(Dataset entries)
####################
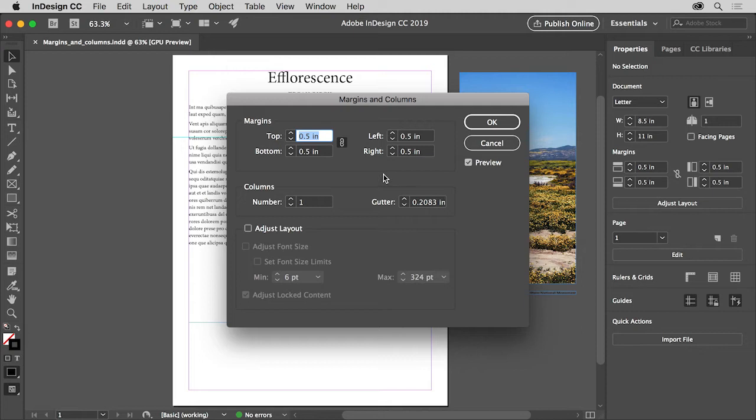Know that the changes you make will currently only affect the page showing in the document window. If you wanted to apply these changes to all the pages in a document, for instance, you could go to a master page and change the margins and columns there.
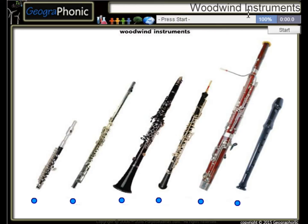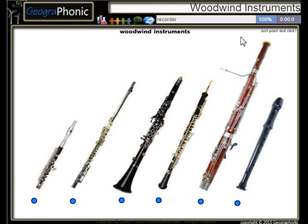This is a free game about certain types of woodwind instruments. You can play this game yourself — look in the description to find a link.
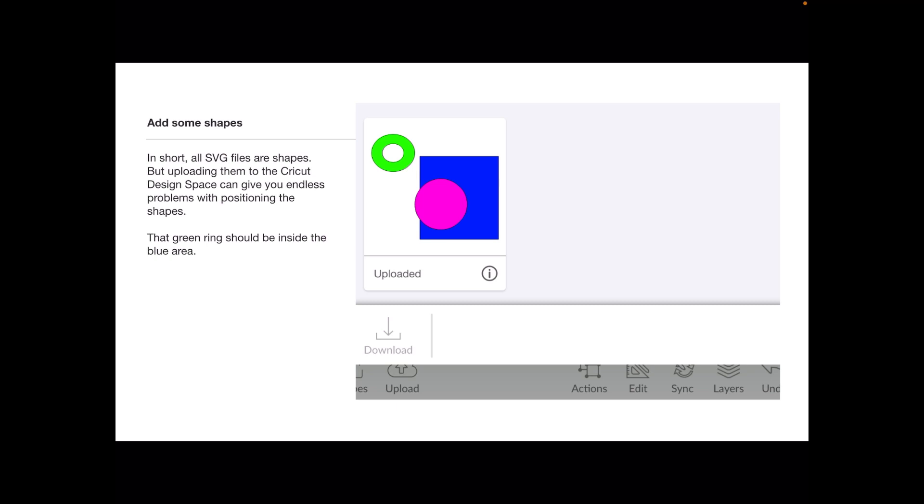All SVG files are shapes, but uploading them to the Cricut Design Space can give you endless problems with positioning the shapes. As you can see, that green ring should be inside the blue area and the pink or pinkish ring should be across to the right a little bit.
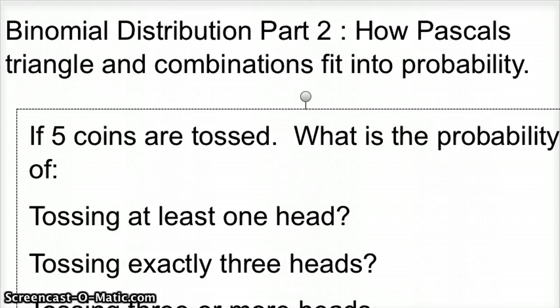This is binomial distribution part two: how Pascal's triangle and combinations fit into probability.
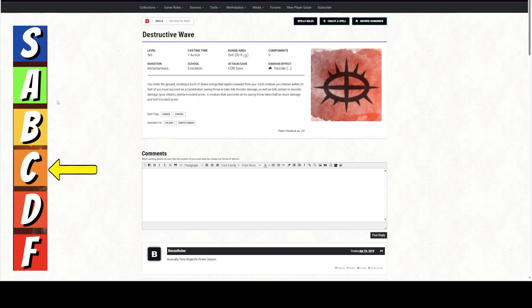So there is a time and a place for this spell, but it is extremely circumstantial. Alright, that's what I got for everybody today. I appreciate everybody tuning in, and I will catch everybody later.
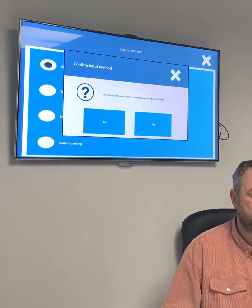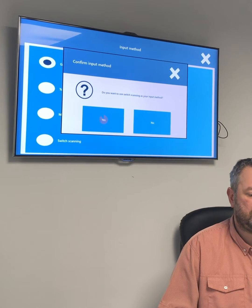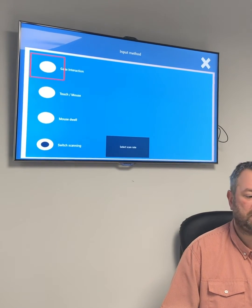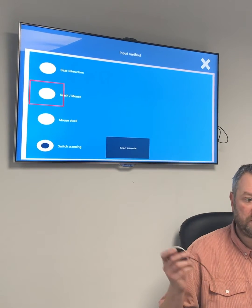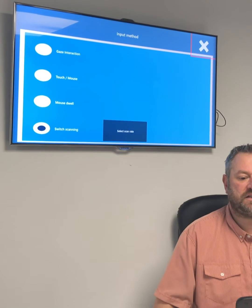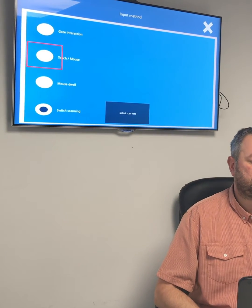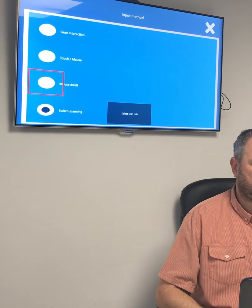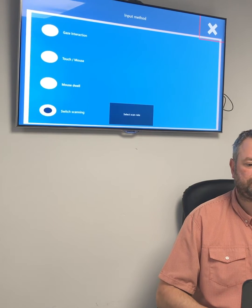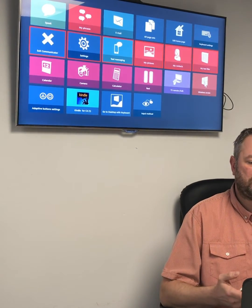When I go into switch scanning, I choose yes using eye gaze as a confirmation, and now I'm using my switch. I can exit this page and go back to the beginning using my switch. So now I'm on my homepage.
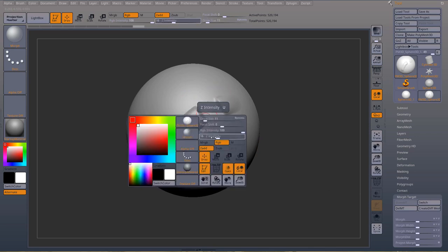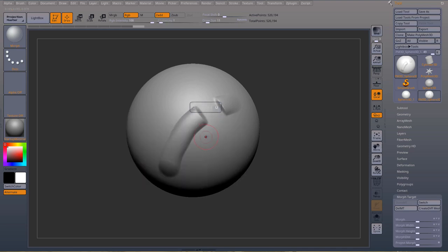You can also change your intensity. If you place your intensity really low, you can just morph a little bit in some areas.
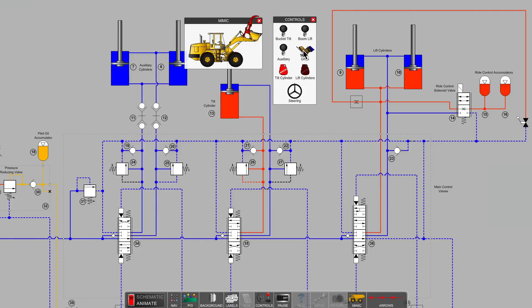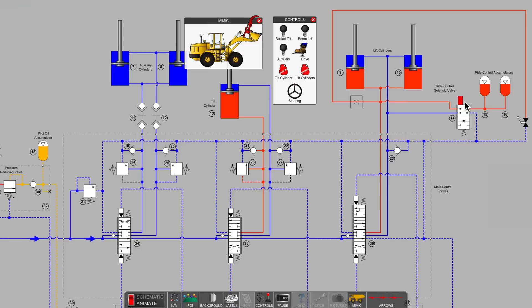Here, let's get our wheel loader running. We can see that our loader is now traveling and our ride control valve has been activated, connecting our accumulators fully to the base end of our lift cylinders.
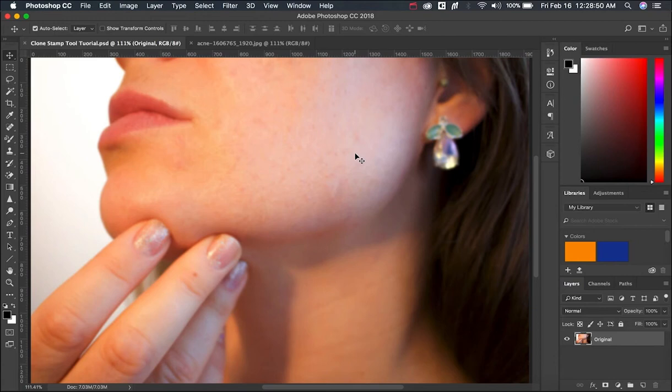Hi everyone, Narendra here with a quick Photoshop tutorial. Today we'll be talking about how to use clone stamp tool in Photoshop CC 2018 version.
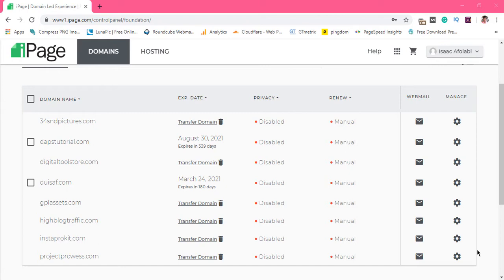So if you have an iPage account and you want to set up a webmail for yourself, I will be showing you exactly how to do that in this video. It's very simple and easy, but just because iPage has a highly customized control panel, there are things here and there. The website is all over the place and things are not really knitted together, so you may really need to know exactly what you're doing.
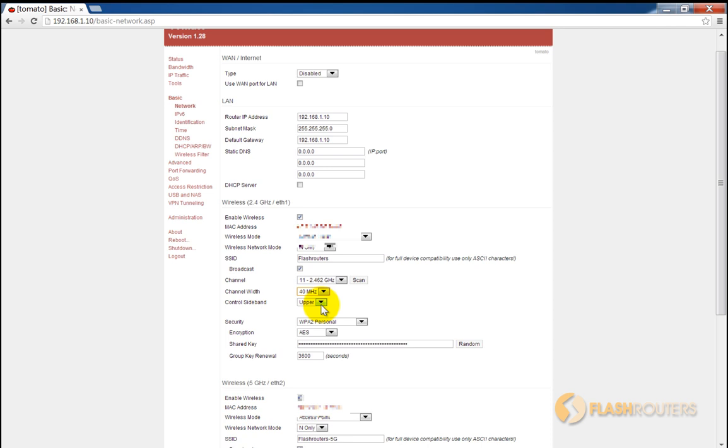Additionally, a larger width will usually decrease your signal range, so you may want to consider adding a repeater to your network if you're trying to cover a large area. Finally, not all devices support 40 megahertz widths, so make sure to check that first.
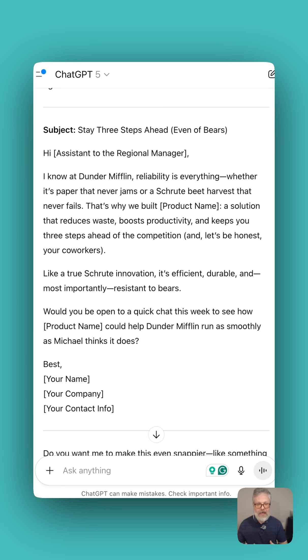Combine that OpenAI GPT prompt library with TextExpander and you'll always have easy access to your ChatGPT prompts.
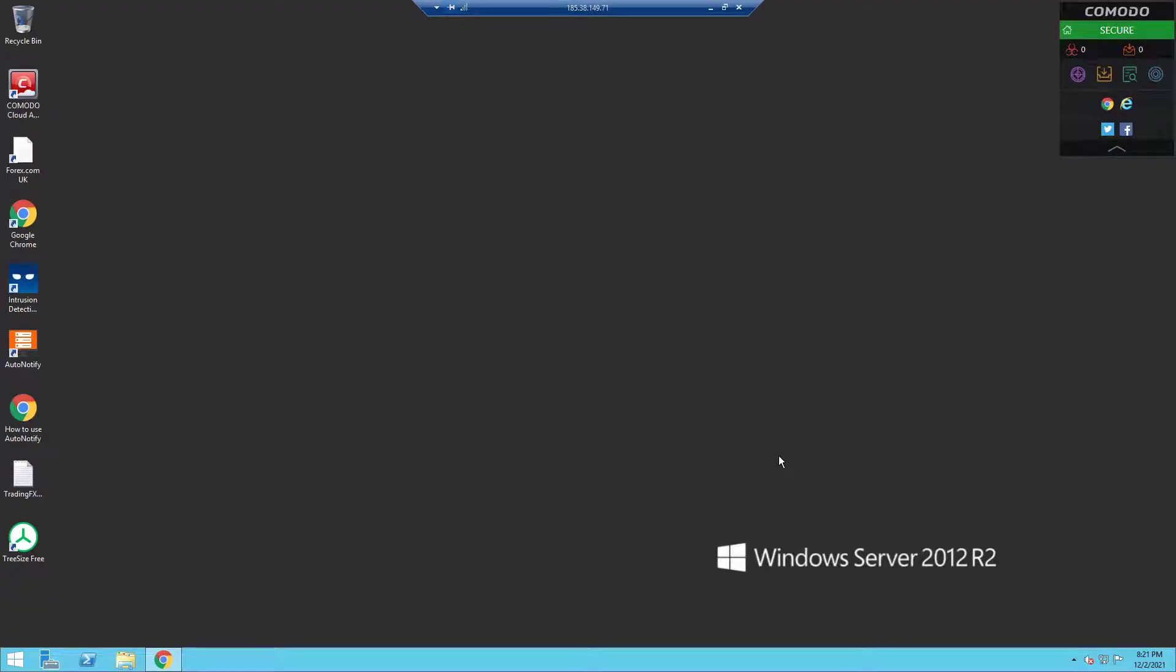Welcome back to another video. In this video, I will be showing you how to whitelist an IP address in your remote desktop connection.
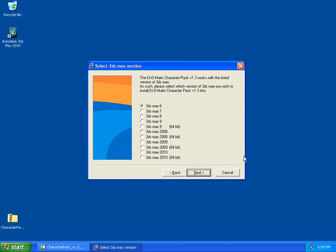You will be prompted to select which version of 3ds Max you wish to install the Character Pack for. In our case, we have 3ds Max 2010 32-bit, so we select 3ds Max 2010 32.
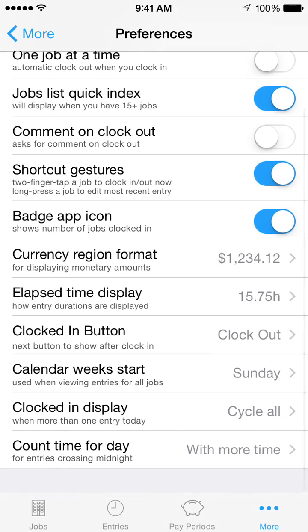Calendar Week Start enables you to change how the entries report groups entries into weeks by selecting a different first day of the week. Clocked In Display enables you to choose what details to display when you're clocked into a job. Cycle All will display all available details, including total for today, time done today, and the clock in time.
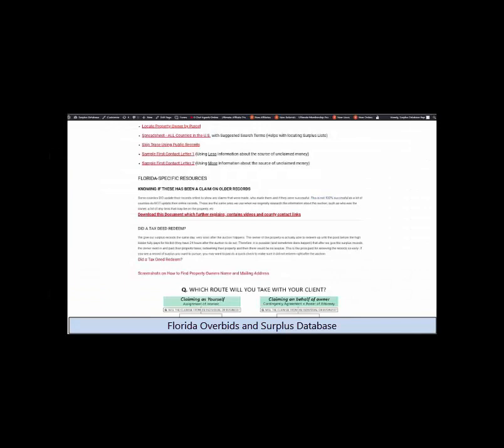Here are some of the items you will find on the resources tab, and this is an ongoing process where we constantly add new items that would be helpful to you to this tab.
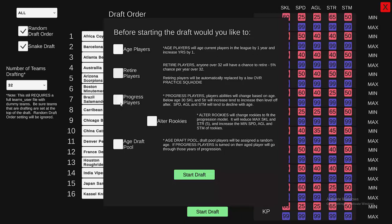I have another button called Alter Rookies. I recommend you use this if you're going to use Player Progress. What it does is it takes rookies and makes them less skilled and lower in strength, but increases their speed, agility, and stamina. Rookies come to the league faster and more agile but with less skill and strength — over time skill and strength increase while speed declines, so it fits the progression well. I really recommend using both of these together.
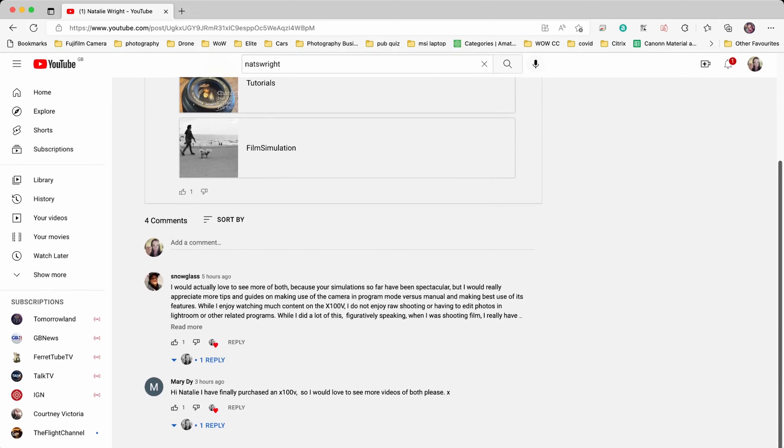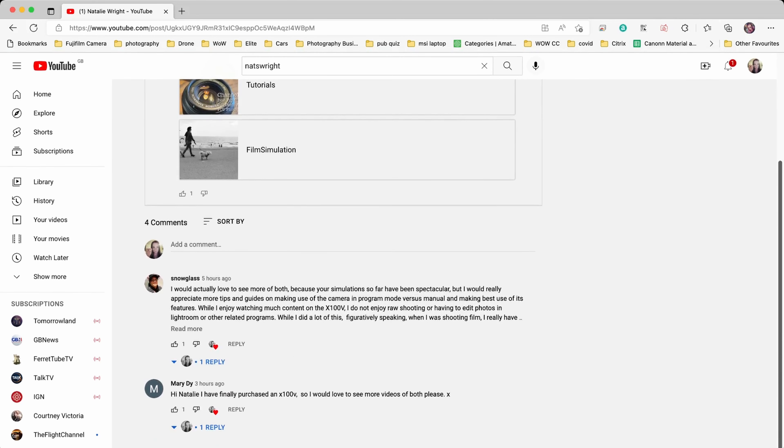Essentially on the community tab it gives us the ability to chat and interact. I can share pictures and comments — kind of a bit like a Facebook timeline in reality.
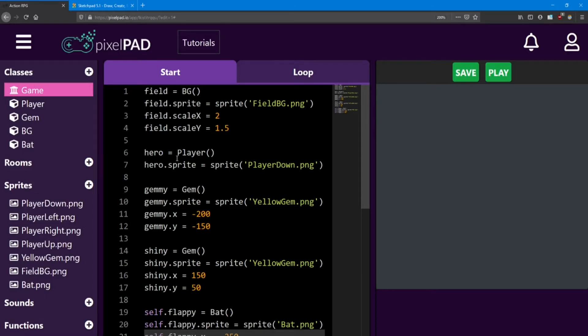Hello everyone! Welcome back to the Action RPG lessons.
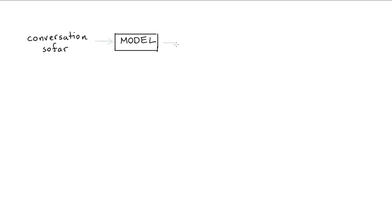So what might a system look like that can spot unexpected intents? On a high level, the system we'll consider works as follows. We will have a conversation so far. This will be the sequence of actions and intents. And that is something that we can pass into a model. And out of this model will come a representation, an embedding, you could say.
####################
__Exercise objective__. Give back exactly the lines from the one containing "Welcome back to another" to the final line of the entries, both included, and no picture.

__Output of the exercise__.
Welcome back to another video. In this video, I will be showing you how to whitelist an IP address in your remote desktop connection.
You will be prompted to select which version of 3ds Max you wish to install the Character Pack for. In our case, we have 3ds Max 2010 32-bit, so we select 3ds Max 2010 32.
Calendar Week Start enables you to change how the entries report groups entries into weeks by selecting a different first day of the week. Clocked In Display enables you to choose what details to display when you're clocked into a job. Cycle All will display all available details, including total for today, time done today, and the clock in time.
Here are some of the items you will find on the resources tab, and this is an ongoing process where we constantly add new items that would be helpful to you to this tab.
I have another button called Alter Rookies. I recommend you use this if you're going to use Player Progress. What it does is it takes rookies and makes them less skilled and lower in strength, but increases their speed, agility, and stamina. Rookies come to the league faster and more agile but with less skill and strength — over time skill and strength increase while speed declines, so it fits the progression well. I really recommend using both of these together.
Essentially on the community tab it gives us the ability to chat and interact. I can share pictures and comments — kind of a bit like a Facebook timeline in reality.
Hello everyone! Welcome back to the Action RPG lessons.
So what might a system look like that can spot unexpected intents? On a high level, the system we'll consider works as follows. We will have a conversation so far. This will be the sequence of actions and intents. And that is something that we can pass into a model. And out of this model will come a representation, an embedding, you could say.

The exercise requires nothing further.